The Quicksort algorithm has the following performance caracteristics:

  • best-case performance is 0(n.log(n))
  • worst-case performance is O(n^2)
  • average performance is O(n.log(n))

For a good discussion on this algorithm please refer to description of the Quick Sort algorithm on Wikipedia, or to the book The Art of Computer Programming by Donald Knuth which is an excellent reference on the subject.

Merge Sort Algorithm

The Merge Sort algorithm has the following performance caracteristics:

  • best-case performance is 0(n.log(n))
  • worst-case performance is O(n.log(n))
  • average performance is O(n.log(n))

A typical implementation of the Merge Sort algorithm involves:

  • Division of the elements to be sorted into subsets.
  • Sorting of each of the subset.
    • The same process (Merge Sort) can be applied recursively on each of these subsets to sort them.
  • Merge the resulting sorted lists of elements together.
    • Merging sorted lists is a process that is loop-friendly (and will leverage some of the DSP features), and the way memory is accessed by the program during the merge makes it quite cache-friendly as well.

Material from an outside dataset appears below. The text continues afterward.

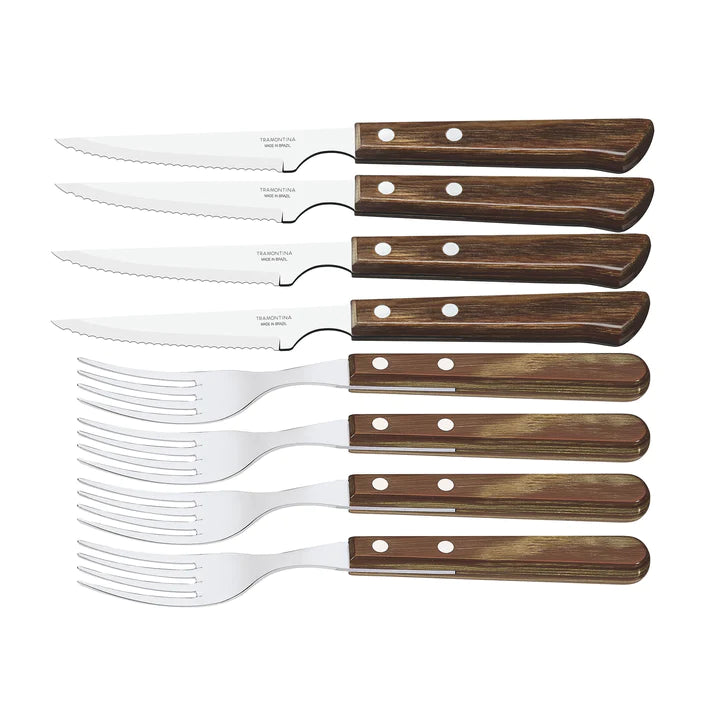Tramontina Churrasco Premium Vaneira 8Pcs Cutlery Set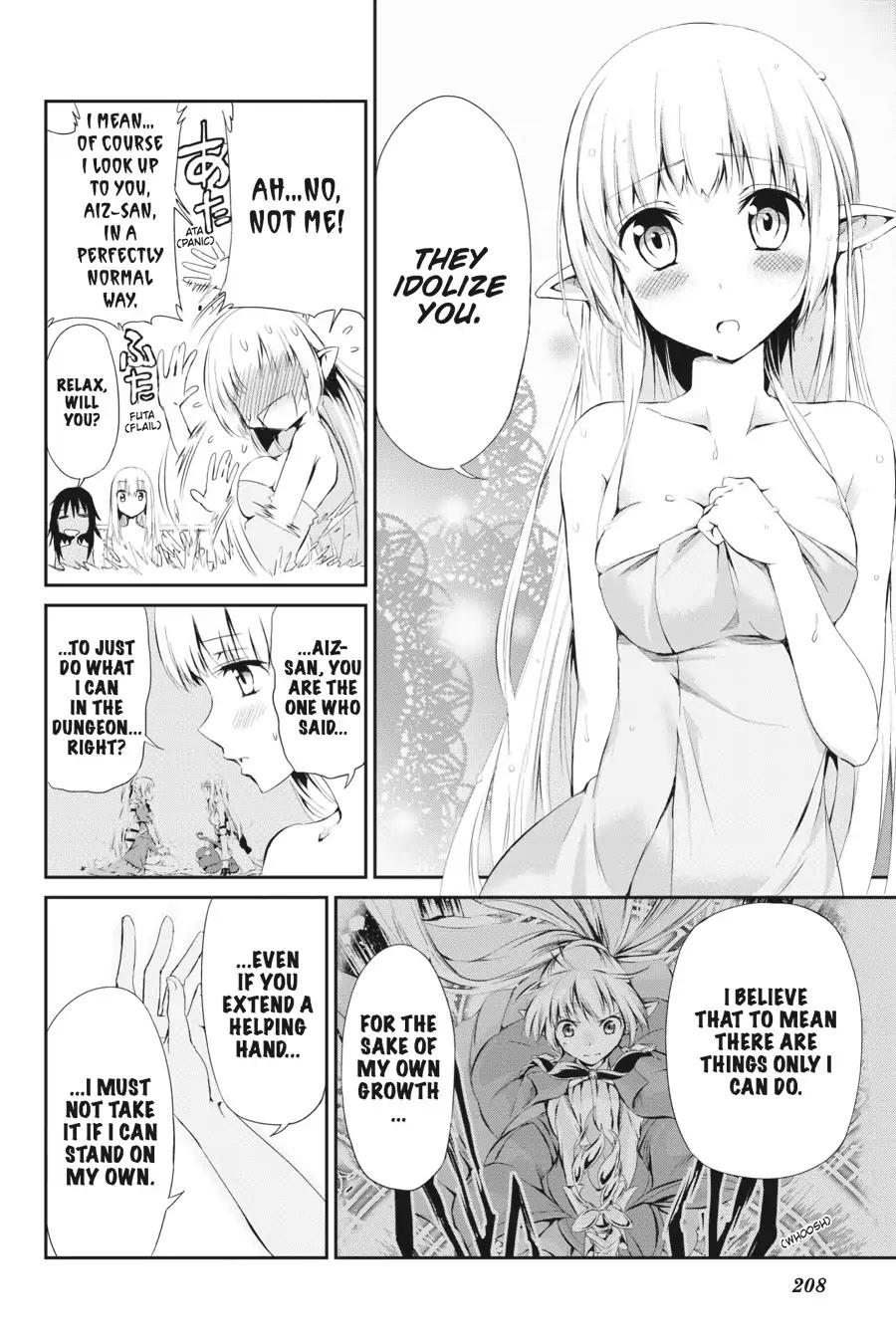 Dungeon ni Deai o Motomeru no wa Machigatte Iru Darou ka Gaiden - Sword Oratoria chapter 0 page 27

When implementing this algorithm you need to choose at what level the division into subsets will stop.

For a good discussion on this algorithm please refer to description of the Merge Sort algorithm on Wikipedia, or to the book The Art of Computer Programming by Donald Knuth which is an excellent reference on the subject.

Variations on a Theme

When considering the uses a DSP application might do of a sort function it quickly becomes obvious that sorting alone will often not be the complete solution to the problem the application is trying to solve.

Index Ordering

For quite a few applications it will be interesting for the application to not only get as a result a sorted list, but also get an array that will give the original position of each item in the sorted list.

This is what is called here "Index Ordering", and as part of this study implementations with and without "Index Ordering" have been created.

Finding the Top K entries from an array

In some cases the real problem to be solved requires only finding the top K entries from an array of N values, rather than sorting the whole array.

If that is the case of your application then this opens the door for some additional optimizations, as quite some CPU cycles can be saved by only partially sorting the content of the array.

A good starting point to learn more about this type of algorithms is the Wikipedia page on Selection Algorithm.

We have decided in this article to implement an optimized version of the Quickselect algorithm described on Wikipedia. It is basically a modified version of the Quicksort algorithm.

Keeping a list always sorted

Will be documented later.

Rather than sorting an array of values at periodic intervals or even just when needed it might be interesting to keep the list of sorted at all times.

This means that the list has to be re-ordered every time a value is updated.

Benchmark Results

Here are benchmark results of the run of three implementations of sort. These benchmarks were run in the following configuration:

  • using a TCI6488 DSP,
  • code placed in L2 memory,
  • data placed in L2 memory,
  • L1 memory entirely configured as cache,
  • the cache was warm.

CPU Cyles

The results are CPU cycles for the execution of the sort algorithm, with index ordering enabled.

  • The horizontal scale is the size of the array being sorted (32 bits unsigned int). It goes from 1 to 256 elements to be sorted.
  • The vertical scale is the number cycles it takes to sort the array.
  • There are several measures displayed in these results:
    • Merge Sort is the worst case performance of the Merge sort implementation.
    • Qsort is almost a worst case performance of the unoptimized Quicksort implementation.
    • Qsort Best is the best case performance of the unoptimized Quicksort implementation.
    • Qsort Opt is almost a worst case performance of the optimized Quicksort implementation.
    • Qsort Opt Best is the best case performance of the optimized Quicksort implementation.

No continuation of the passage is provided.